New legislation to ban all onshore unconventional gas exploration and development in Victoria could lead to higher energy costs and supply risks for energy customers.
Energy Networks Australia chief executive officer John Bradley said access to natural gas was vital to enable Victoria’s transition to a cleaner energy future.
“Blanket bans on gas development are a high risk strategy, given no other state depends more on secure access to this low carbon energy source than Victoria,” Mr Bradley said.
“This year the Australian Government identified a gas supply shortfall for Victoria and southern states over the next 20 years, so blanket bans can only drive up prices or increase the risks of a shortfall that threaten jobs and households.”
Mr Bradley said that the South Australian energy sector highlighted the important role of gas and gas-fired generation supporting power system security and reliability.
“Natural gas can play a vital role supporting supply security as more renewables are added to the system but a state wide ban on gas exploration and production will threaten that transition,” Mr Bradley said.
“Victoria’s energy system already faces a lot of radical change – with Government policies to introduce 5400MW of renewable generation capacity in less than a decade and the recent announcement that Hazelwood power station will close with just five months notice.”
APPEA chief executive Dr Malcolm Roberts said the Victorian Government had chosen to ignore warnings of a looming gas supply shortage in its pursuit of green votes.
The legislation will extend the existing moratorium on onshore gas development until 2020 and permanently ban fracking.
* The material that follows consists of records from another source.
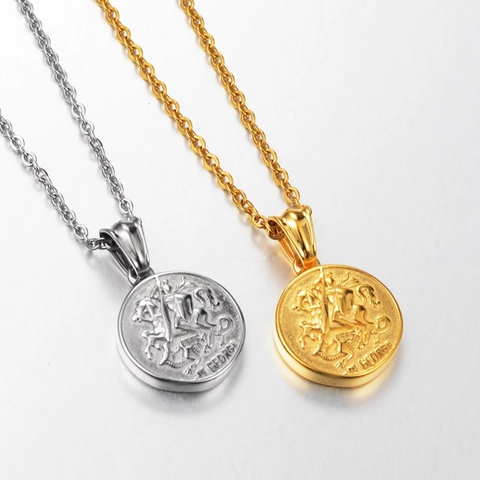 Vintage Sint Joris En De Draak Munt Pendent Halsketting Voor Heren Dames Hip Hop Titanium Staal Reliëf Medaillon Sieraden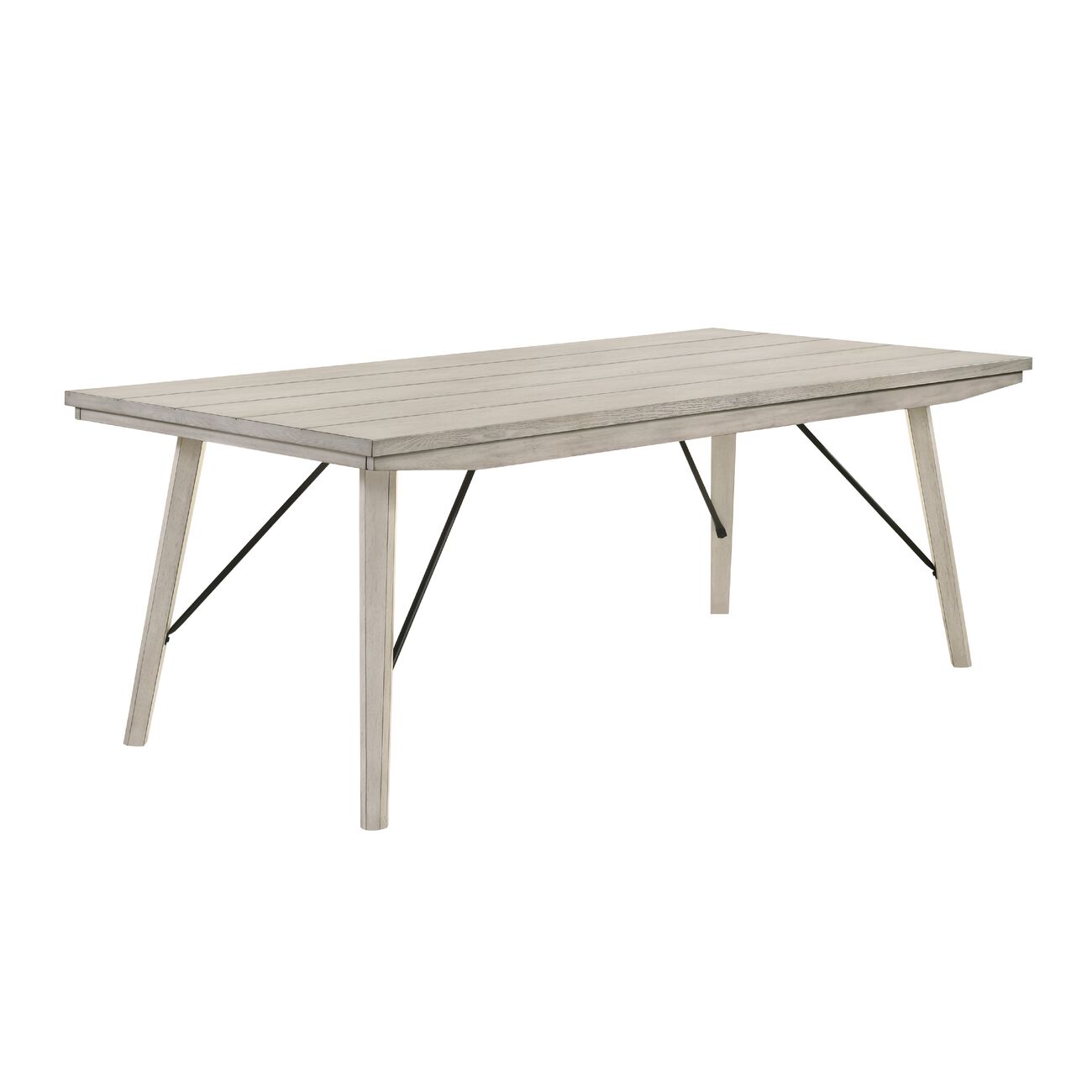 Plank Top Rectangular Dining Table with Braces Support, Antique White - BM215273
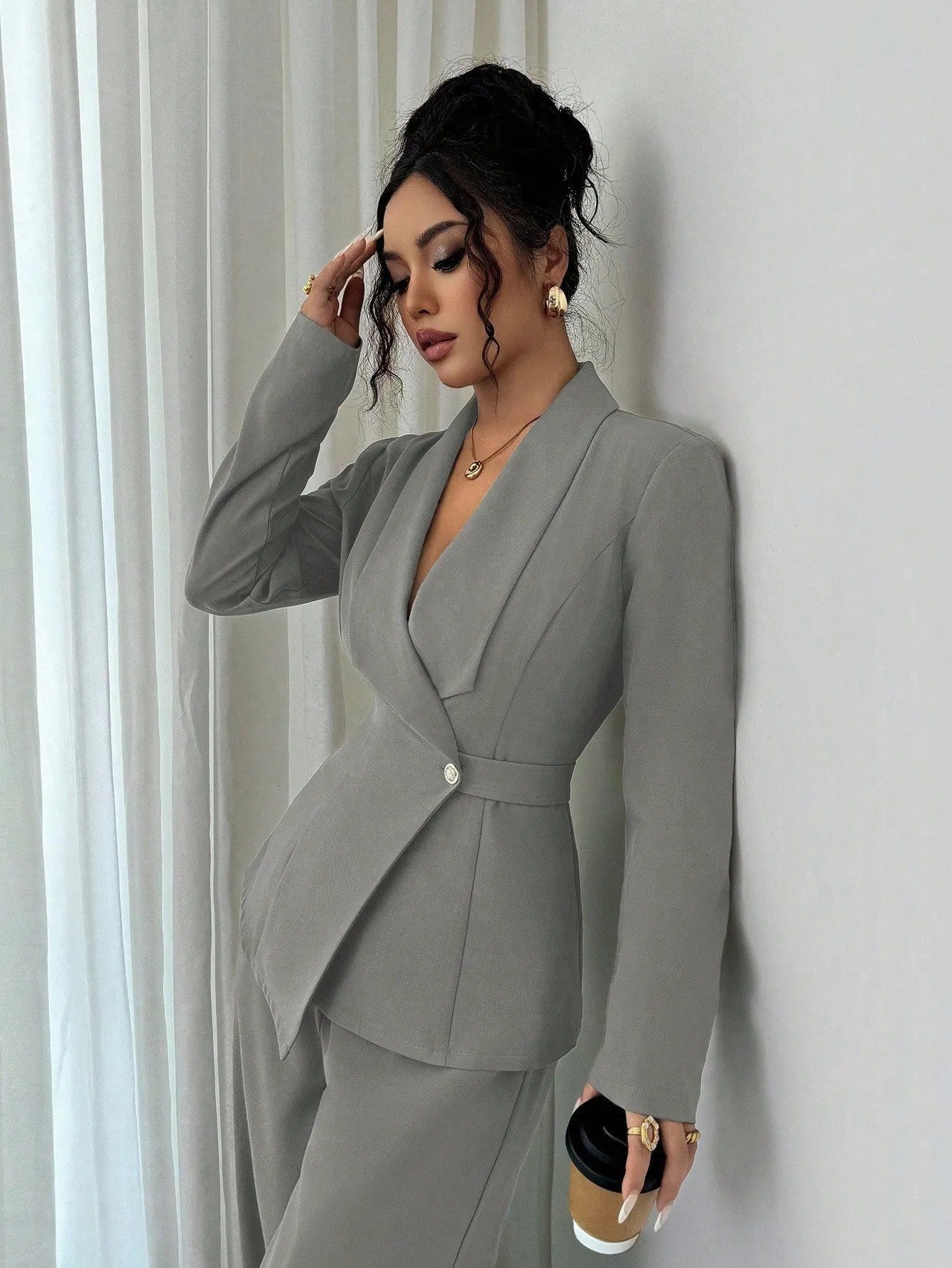 Women's V Neck Long Suit Jacket Wide Leg Pants Two Piece Set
“There is no environmental or scientific reason to ban natural gas development,” Dr Roberts said.
“Countless independent inquiries and decades of practical experience show the industry is safe. It is bewildering that a state that safely produced conventional gas onshore for 20 years until 2006 now claims it is unsafe.”
Dr Roberts said Victoria relied on natural gas more than any other state.
“Victoria desperately needs more gas development – not less. Four out of every five homes use gas; the rate of household usage is more than double the rate in South Australia and almost triple the rate in New South Wales,” Dr Roberts said.
“As a vital ingredient in many manufacturing processes, gas is also critical to the Victorian economy. It reliability and cleaner-burning qualities also make it essential in the transition to a low carbon future.
“The Australian Energy Market Operator and the Australian Consumer and Competition Commission have warned of gas supply shortfalls as early as 2019, yet the Andrews Government continues to ignore this.
“Its pursuit of more renewable energy means it will need more gas in the future to ensure a reliable energy supply.”